DIRECTIONS
The required output is the lines from the one with "[2025 북촌인문학 웹진]" through the end of the data, repeated verbatim, with no pictures included.

═══ RECORDED DATA ═══

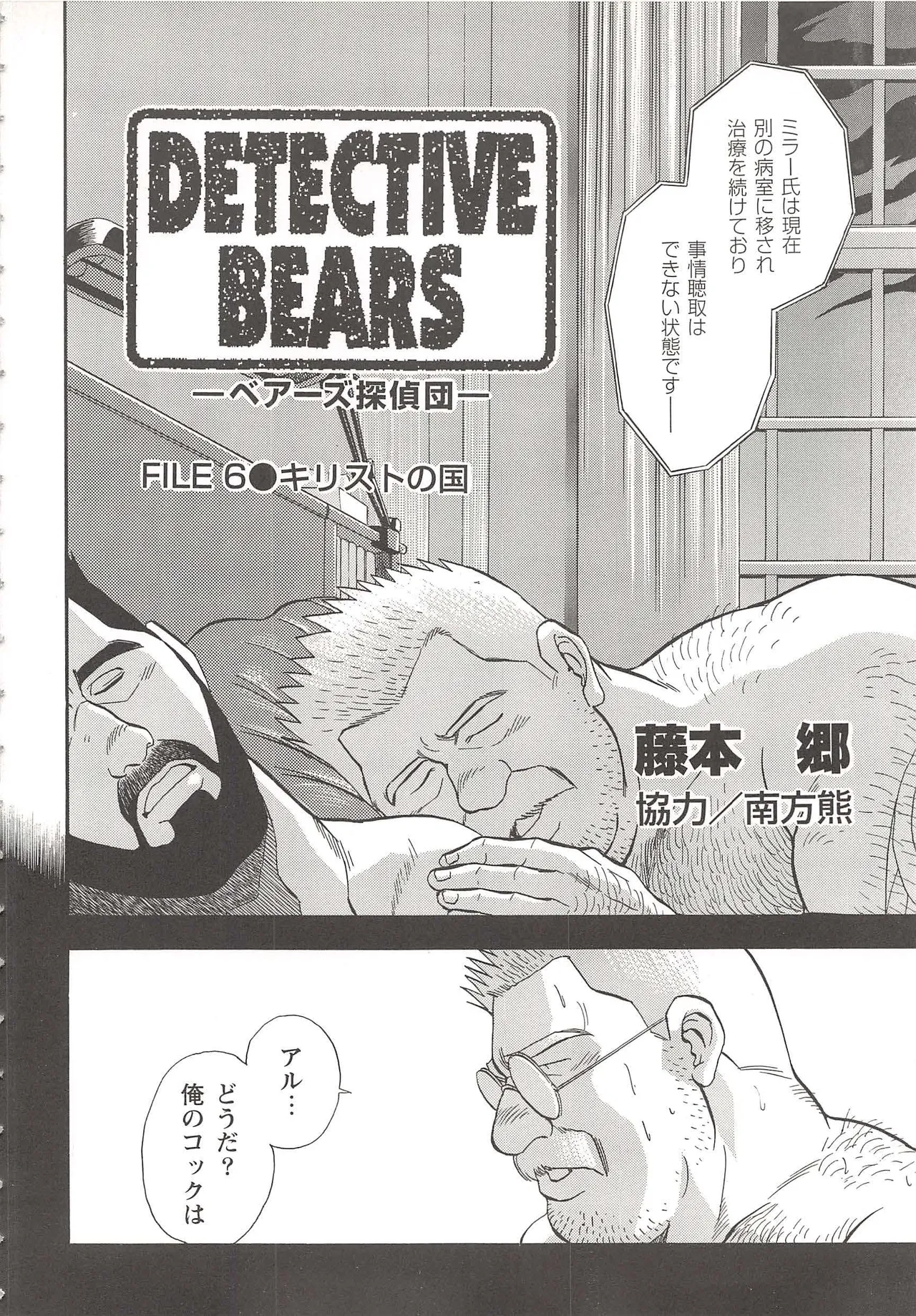 Bears Tanteidan | The Bear Detectives page 83 - business suit kissing hentai manga - read online free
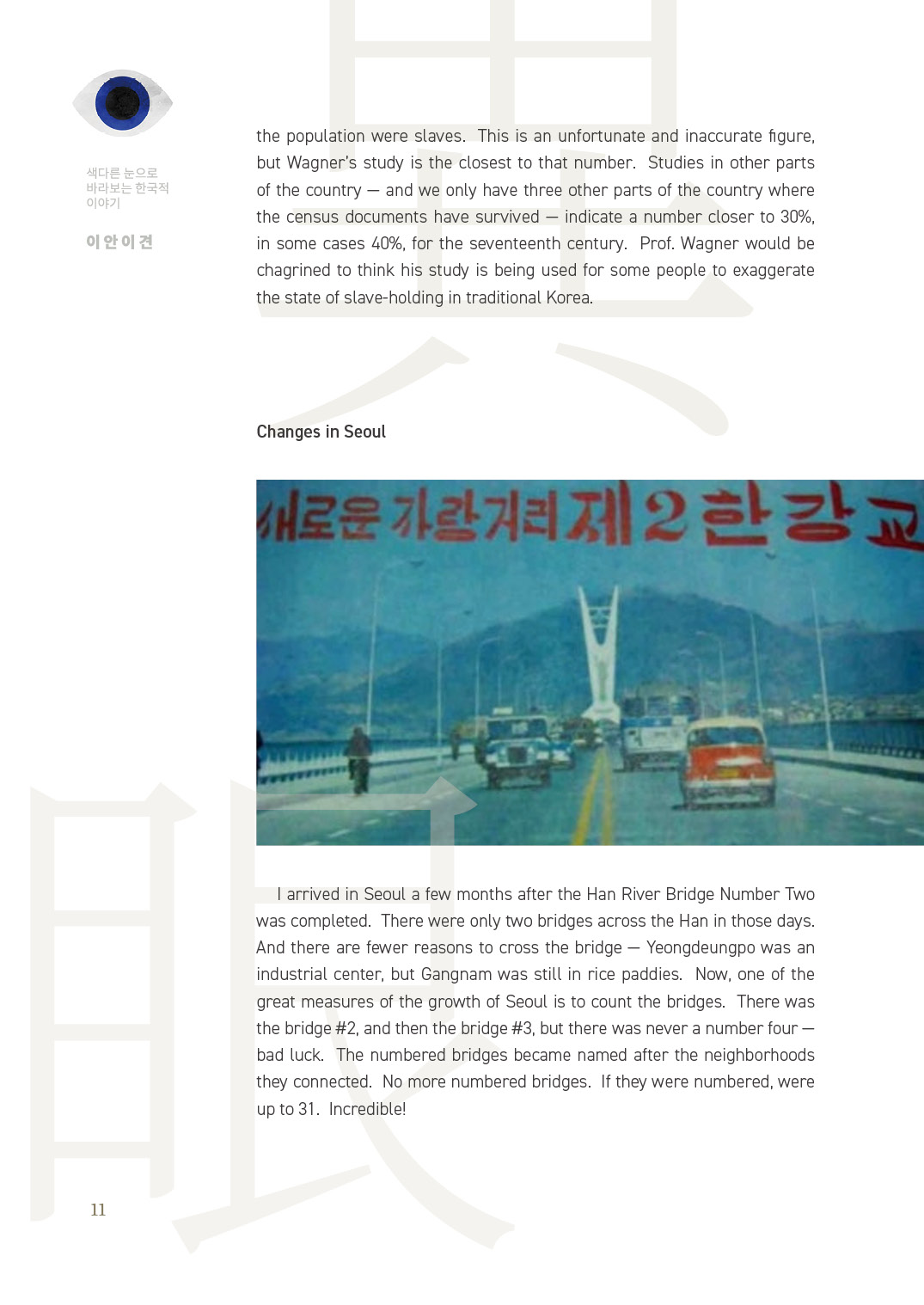 [2025 북촌인문학 웹진] Bukchon and Hanok Living - 마크 피터슨(Mark A. Peterson)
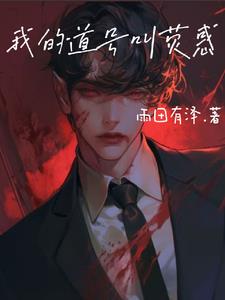 我的道号叫荧惑魏靖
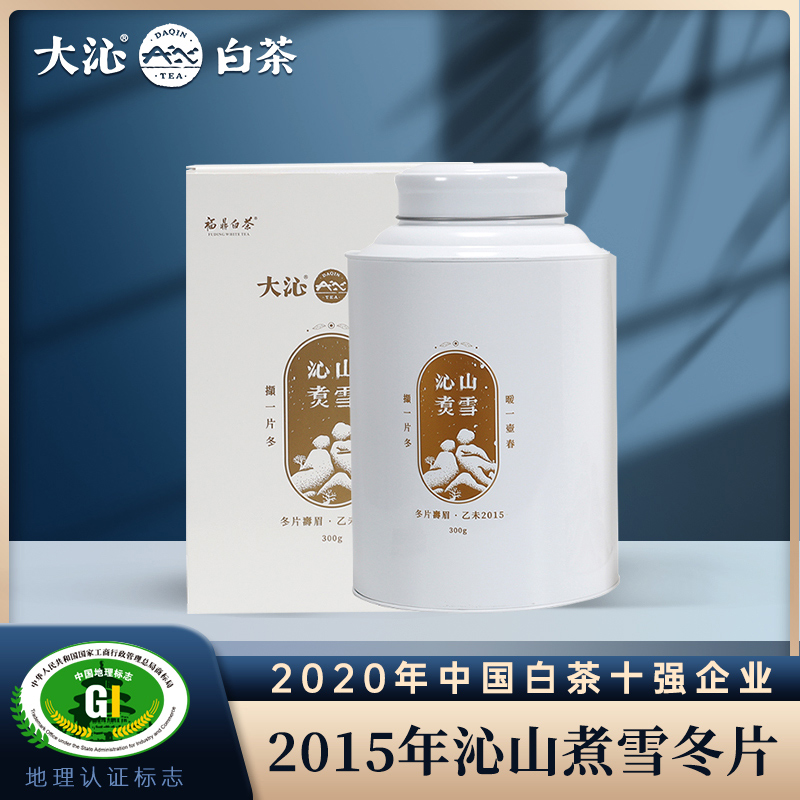 大沁白茶福鼎白茶2015冬片壽眉老白茶散茶沁山煮雪300g罐裝茶葉在類目 茶, 白茶(新), 壽眉中 - 來自Buy2taobao.com提供專業的淘寶代購服務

═══

EXERCISE ANSWER
 [2025 북촌인문학 웹진] Bukchon and Hanok Living - 마크 피터슨(Mark A. Peterson)
 我的道号叫荧惑魏靖
 大沁白茶福鼎白茶2015冬片壽眉老白茶散茶沁山煮雪300g罐裝茶葉在類目 茶, 白茶(新), 壽眉中 - 來自Buy2taobao.com提供專業的淘寶代購服務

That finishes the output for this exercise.